*** Block opens ***
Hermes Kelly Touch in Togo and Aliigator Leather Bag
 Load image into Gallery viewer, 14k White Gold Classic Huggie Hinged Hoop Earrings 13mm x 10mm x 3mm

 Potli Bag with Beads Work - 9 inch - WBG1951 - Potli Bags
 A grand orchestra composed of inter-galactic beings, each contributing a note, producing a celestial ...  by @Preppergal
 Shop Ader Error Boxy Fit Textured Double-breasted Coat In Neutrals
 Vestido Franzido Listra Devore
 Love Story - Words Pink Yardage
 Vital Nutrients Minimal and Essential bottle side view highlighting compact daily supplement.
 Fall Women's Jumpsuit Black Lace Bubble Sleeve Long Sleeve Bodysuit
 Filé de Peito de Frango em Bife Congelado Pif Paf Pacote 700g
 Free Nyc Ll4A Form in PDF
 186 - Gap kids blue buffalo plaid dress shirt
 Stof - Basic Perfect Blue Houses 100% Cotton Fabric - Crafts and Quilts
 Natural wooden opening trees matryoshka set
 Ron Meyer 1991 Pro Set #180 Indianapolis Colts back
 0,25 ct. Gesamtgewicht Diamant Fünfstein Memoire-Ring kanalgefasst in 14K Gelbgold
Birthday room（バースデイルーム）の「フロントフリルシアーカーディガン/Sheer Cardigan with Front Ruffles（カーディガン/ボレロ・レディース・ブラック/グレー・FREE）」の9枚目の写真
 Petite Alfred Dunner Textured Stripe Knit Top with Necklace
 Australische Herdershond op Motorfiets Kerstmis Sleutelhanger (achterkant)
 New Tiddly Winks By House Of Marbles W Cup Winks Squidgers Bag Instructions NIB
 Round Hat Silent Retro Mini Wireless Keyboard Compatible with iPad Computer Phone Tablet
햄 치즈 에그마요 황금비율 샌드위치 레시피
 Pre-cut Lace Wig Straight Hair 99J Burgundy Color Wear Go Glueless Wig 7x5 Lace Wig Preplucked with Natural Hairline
*** Block closes ***
** WORK TASK **
Return the listing above in its entirety, word for word.

** RESPONSE TO THIS EXERCISE **
Hermes Kelly Touch in Togo and Aliigator Leather Bag
 Load image into Gallery viewer, 14k White Gold Classic Huggie Hinged Hoop Earrings 13mm x 10mm x 3mm

 Potli Bag with Beads Work - 9 inch - WBG1951 - Potli Bags
 A grand orchestra composed of inter-galactic beings, each contributing a note, producing a celestial ...  by @Preppergal
 Shop Ader Error Boxy Fit Textured Double-breasted Coat In Neutrals
 Vestido Franzido Listra Devore
 Love Story - Words Pink Yardage
 Vital Nutrients Minimal and Essential bottle side view highlighting compact daily supplement.
 Fall Women's Jumpsuit Black Lace Bubble Sleeve Long Sleeve Bodysuit
 Filé de Peito de Frango em Bife Congelado Pif Paf Pacote 700g
 Free Nyc Ll4A Form in PDF
 186 - Gap kids blue buffalo plaid dress shirt
 Stof - Basic Perfect Blue Houses 100% Cotton Fabric - Crafts and Quilts
 Natural wooden opening trees matryoshka set
 Ron Meyer 1991 Pro Set #180 Indianapolis Colts back
 0,25 ct. Gesamtgewicht Diamant Fünfstein Memoire-Ring kanalgefasst in 14K Gelbgold
Birthday room（バースデイルーム）の「フロントフリルシアーカーディガン/Sheer Cardigan with Front Ruffles（カーディガン/ボレロ・レディース・ブラック/グレー・FREE）」の9枚目の写真
 Petite Alfred Dunner Textured Stripe Knit Top with Necklace
 Australische Herdershond op Motorfiets Kerstmis Sleutelhanger (achterkant)
 New Tiddly Winks By House Of Marbles W Cup Winks Squidgers Bag Instructions NIB
 Round Hat Silent Retro Mini Wireless Keyboard Compatible with iPad Computer Phone Tablet
햄 치즈 에그마요 황금비율 샌드위치 레시피
 Pre-cut Lace Wig Straight Hair 99J Burgundy Color Wear Go Glueless Wig 7x5 Lace Wig Preplucked with Natural Hairline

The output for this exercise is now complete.